Tim said his wife uses Fuzzy Logic to make decisions and then immediately attempted to frame it as a compliment. I am not sure how to react to this, as I happen to be a “wife”. It did not come across as a compliment, until it was redefined without any additional supporting comments (i.e. “just kidding”). I am glad I am not in “a room” for this talk, because I expect most men laughed at this joke.
Moving on.
Heuristics, Support vector machines, and Markov decision processes are mentioned.
Significant computational resources are required at this tactical edge - this seems like a great place for FPGA, and FPGA is indeed mentioned. Maybe federated learning would be the right answer, but it’s not on this slide.

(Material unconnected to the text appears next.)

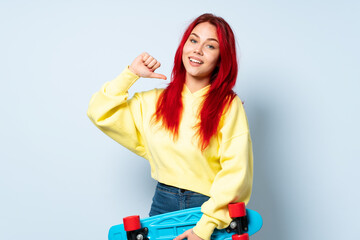 Teenager red hair girl isolated on blue background with a skate with happy expression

Wideband cognitive systems use more electical power, compared to static library systems.
Manuverability and flexibility comes at a cost, always.
Mode-agile threats can also enter low-power RF modes, operating at or below the noise floor. This means we need a high dynamic range. Wider bandwidth and higher dynamic range ar diverging requirements.
Jamming - is a big deal.
Challenges? There are alot.
The requirements for training are the most critical part. The data sets must be rich and real, and these data sets, as we know, do not in general exist.
Iterative HWIL approaches can make up part of the gap.
Terabytes of data and you are looking for that one CW signal. Joint time-frequency analysis can be the way forward here. Looking at the whole recording (this assumes you can record) then you have time vs. amplitude and persistence display. ZoomOut and ZoomIn are introduced. These are products. 100 nS barker code is an example signal “found” through these methods.
“How to use MATLAB and simulink to create these signals to analyze and close the loop for new training data sets for the things of interest”. <=== other talks.
Hardware in the Loop Settings revisited: classic requirements Vee shown on the graphs.
“What does FEDS give you?” Access to the IQ stream. AXI4 stream for IQ data. Zynq ultrascale. Like, what we have at ORI.
Customer implements the DSP, but we have the sandbox where we can drop custom code.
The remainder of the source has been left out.